I would fervently prefer to defer those kinds of questions and ideas,
because the call sites are dealing simply in pages. And this is
really for file system call sites. The folio conversion is a larger
thing. Below...

>
>>
>>>> + *
>>>> + * IMPORTANT: The caller must release the page via unpin_user_page().
>>>> + *
>>>> + */
>>>> +void pin_user_page(struct page *page)
>>>> +{
>>>> + struct folio *folio = page_folio(page);
>>>> +
>>>> + WARN_ON_ONCE(folio_ref_count(folio) <= 0);
>>>> +
>>>
>>> We should warn if the page is anon and !exclusive.
>>
>> That would be sort of OK, because pin_user_page() is being created
>> specifically for file system (O_DIRECT cases) use, and so the pages
>> should mostly be file-backed, rather than anon.
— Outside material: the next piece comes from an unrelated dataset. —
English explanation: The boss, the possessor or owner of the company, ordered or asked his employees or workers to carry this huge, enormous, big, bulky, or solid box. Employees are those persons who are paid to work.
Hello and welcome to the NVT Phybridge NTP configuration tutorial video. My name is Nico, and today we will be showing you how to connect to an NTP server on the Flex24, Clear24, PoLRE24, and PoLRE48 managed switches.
Although I'm a little
>> vague about whether all of these iov_iter cases are really always
>> file-backed pages, especially for cases such as splice(2) to an
>> O_DIRECT-opened file, that Al Viro mentioned [1].
>
> If we can, we should document that this interface is not for anonymous
> pages and WARN if pinning an anonymous page via this interface.
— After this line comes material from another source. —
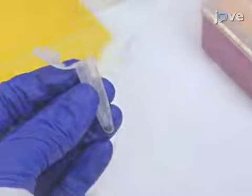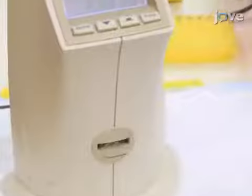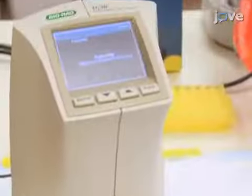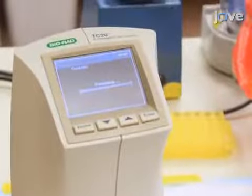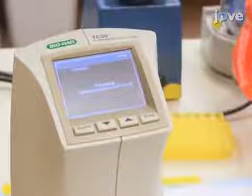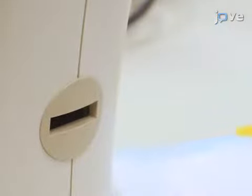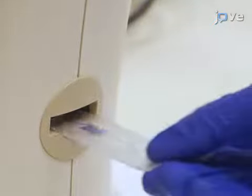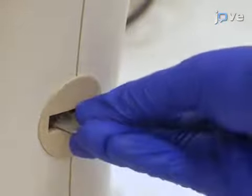Pipette 10 microliters of the solution into a cell counting slide and insert the slide into an automated cell counter. Repeat the cell count at least three times or until obtained counts are consistent.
Yes. OK, I've rewritten the documentation again, and changed the
warning to just

WARN_ON_ONCE(PageAnon(page));

So it looks like this now, what do you think?

/**
* pin_user_page() - apply a FOLL_PIN reference to a file-backed page that the
* caller already owns.
*
* @page: the page to be pinned.
*
* pin_user_page() elevates a page's refcount using FOLL_PIN rules. This means
* that the caller must release the page via unpin_user_page().
*
* pin_user_page() is intended as a drop-in replacement for get_page(). This
* provides a way for callers to do a subsequent unpin_user_page() on the
* affected page. However, it is only intended for use by callers (file systems,
* block/bio) that have a file-backed page. Anonymous pages are not expected nor
* supported, and will generate a warning.
*
* pin_user_page() may also be thought of as an externally-usable version of
* try_grab_page(), but with semantics that match get_page(), so that it can act
* as a drop-in replacement for get_page().
*
* IMPORTANT: The caller must release the page via unpin_user_page().
*
*/

>
> The only reasonable way to obtain a pin on an anonymous page is via the
> page table. Here, FOLL_PIN should be used to do the right thing -- for
> example, unshare first (break COW) instead of pinning a shared anonymous
> page.
>
> Nothing would speak against duplicating such a pin using this interface
> (we'd have to sanity check that the page we're pinning may already be
> pinned), but I assume the pages we pin here are *not* necessarily
> obtained via GUP FOLL_PIN.
>
> I would be curious under which scenarios we could end up here with an
> anonymous page and how we obtained that reference (if not via GUP).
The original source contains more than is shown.